Several factors contribute to this maturity gap. The marketing function operates with different technical requirements compared to data-intensive functions like finance or operations. Marketing teams often lack in-house expertise in machine learning infrastructure, data engineering, and model deployment—competencies that have become increasingly essential as organizations move beyond basic analytics toward predictive modeling and generative AI applications. Additionally, the creative and subjective nature of marketing work creates inherent challenges for standardization and automation compared to more rule-based business processes.
The position of marketing as a lower-maturity function for AI adoption presents both challenges and opportunities. Organizations struggle to leverage advanced AI capabilities for customer journey mapping, demand forecasting, and personalized content generation at scale. This maturity gap can result in marketing teams operating with legacy analytics platforms, limited predictive capabilities, and insufficient integration with broader enterprise data ecosystems.
For digital-native companies—organizations built from inception with technology at their core—the persistent gap in marketing AI maturity is particularly noteworthy.
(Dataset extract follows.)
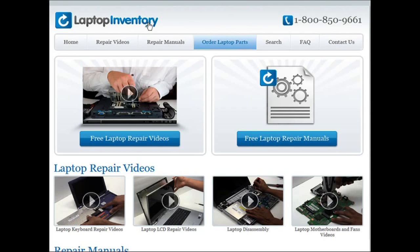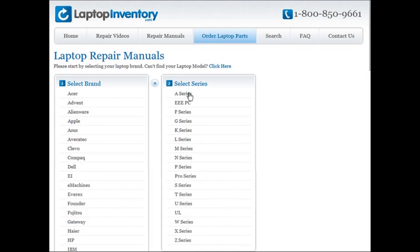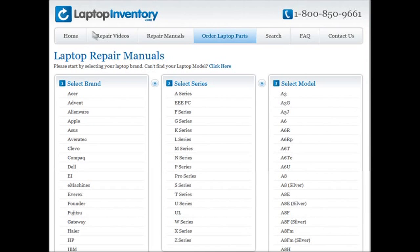At LaptopInventory.com we also provide access to thousands of free laptop repair manuals. Each laptop repair manual provides detailed instructions on how to repair your laptop. LaptopInventory.com is your source for laptop repair.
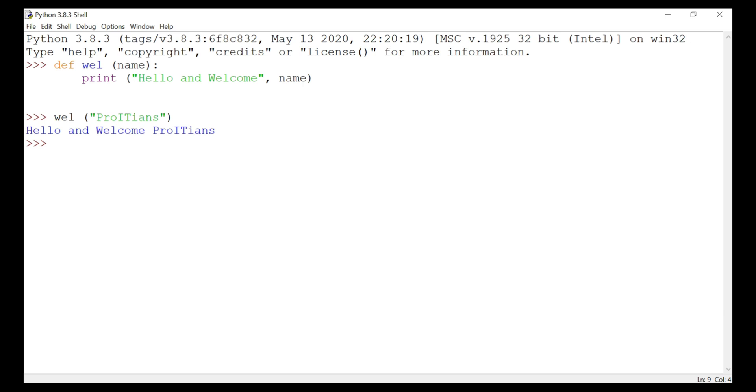In Python we know that a function can call other functions. It is even possible for a function to call itself.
These companies typically excel at AI integration in technical domains like product development and infrastructure, yet encounter unexpected obstacles when attempting to apply similar AI methodologies to marketing operations 3).
Addressing the AI maturity gap in marketing functions requires targeted investment in several areas: development of marketing-specific AI tools and platforms, upskilling of marketing personnel in data literacy and AI fundamentals, integration of marketing data into unified data architectures, and creation of governance frameworks for responsible AI use in customer-facing applications. Organizations that successfully bridge this gap may achieve significant competitive advantages through improved customer targeting, more efficient campaign optimization, and enhanced predictive capabilities in demand forecasting and market analysis.